──────── Given records
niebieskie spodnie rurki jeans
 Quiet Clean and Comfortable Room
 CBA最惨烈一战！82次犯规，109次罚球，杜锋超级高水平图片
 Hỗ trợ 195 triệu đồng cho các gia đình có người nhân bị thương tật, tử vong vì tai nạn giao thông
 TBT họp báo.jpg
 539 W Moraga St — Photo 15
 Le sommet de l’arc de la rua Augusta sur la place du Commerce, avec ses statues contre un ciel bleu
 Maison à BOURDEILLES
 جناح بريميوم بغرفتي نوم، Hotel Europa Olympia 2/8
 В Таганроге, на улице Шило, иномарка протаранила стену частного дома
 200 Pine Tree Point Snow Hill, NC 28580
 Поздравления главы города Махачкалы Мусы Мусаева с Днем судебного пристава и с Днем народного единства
────────────────
Retype the material in full. Keep every character as it is.

> _Exercise solution_:
niebieskie spodnie rurki jeans
 Quiet Clean and Comfortable Room
 CBA最惨烈一战！82次犯规，109次罚球，杜锋超级高水平图片
 Hỗ trợ 195 triệu đồng cho các gia đình có người nhân bị thương tật, tử vong vì tai nạn giao thông
 TBT họp báo.jpg
 539 W Moraga St — Photo 15
 Le sommet de l’arc de la rua Augusta sur la place du Commerce, avec ses statues contre un ciel bleu
 Maison à BOURDEILLES
 جناح بريميوم بغرفتي نوم، Hotel Europa Olympia 2/8
 В Таганроге, на улице Шило, иномарка протаранила стену частного дома
 200 Pine Tree Point Snow Hill, NC 28580
 Поздравления главы города Махачкалы Мусы Мусаева с Днем судебного пристава и с Днем народного единства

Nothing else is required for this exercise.